Friday, October 27, 2006

More trick than treat

I don't have a lot of fond memories of Halloween trick-or-treating as a kid. Halloween just wasn't the same experience growing up out in the country in rural Eastern Oregon as it was for my classmates that lived in the nearby town of Echo.

While technically I didn't live on a farm, we lived out in the country surrounded by farmland. So it strikes me as ironic that all so many urban dwellers tend to equate Halloween with a rural feel of pumpkins and corn stalks and scarecrows — evoking all this rural imagery. Halloween wasn't a very big deal in our part of the country. At least not that I remember.

That's not to say there weren't attempts at trick-or-treating. But most of our neighbors were several miles down the road. So trick-or-treating meant hopping in the car and having mom drive several miles down the highway that went past our house and then sometimes a half mile or mile down a dirt-and-gravel road to read a neighbor's house.

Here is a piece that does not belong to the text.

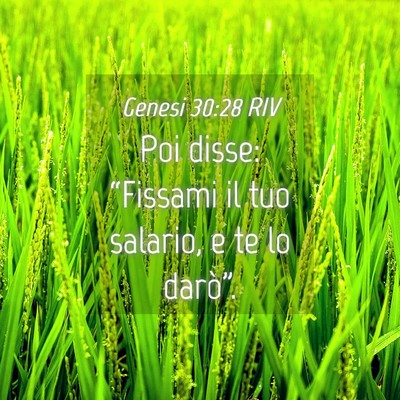 Picture 04 - Genesi 30:28 RIV - Poi disse: “Fissami il tuo salario, e te lo - Bible Verse Picture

There were no doorbells to ring. Barking dogs and a cloud of dust announce the pending arrival at someone at the door. And it didn't really matter if you wore a mask or not, you couldn't be anonymous. The neighbors all knew each other's cars (or rigs as we called them on Buttercreek).

"Oh, look Mike, it's the West boys come to trick-or-treat."

What fun is that when everyone can tell who you are in your costume? And who wants to trick-or-treat with their two kid brothers?

As my brothers and I were back in the car, pawing through our candy, and impatiently wanting to get to the next house to add to our sugar stash, Mom was still standing on the porch chatting with the neighbor lady. There's no such thing as a quick visit out in the country.

So, an hour of trick-or-treating would mean a journey of several miles and stops at maybe 3 or 4 houses. I soon learned you'd get more candy by staying home and eating all the leftovers from the candy Mom bought for trick-or-treaters than never showed up at our house. Some years, depending on the age of the offspring in a 5-10 mile radius, there would be no kids show up at all. And if I went to town with Mom on her shopping trip in late October I could help pick out the candy for the dish, which eventually found it's way into my private collection.

One year some neighbors up the creek had a great idea to get around the high-mileage trick-or-treat trips. They hosted a Halloween party for all the kids up and down the creek, complete with a haunted house and lots of activities, like bobbing for apples.

But beyond that, Halloween wasn't much fun for this country boy. I still don't get into it. So don't come trick-or-treating at my door kiddies. I'll probably be at the movies.

1 comment:

Anonymous said...

Sounds like home to me. We buy candy every year and never have any trick or treaters. Used to buy the cheaper stuff, but now we make sure and get something we all like!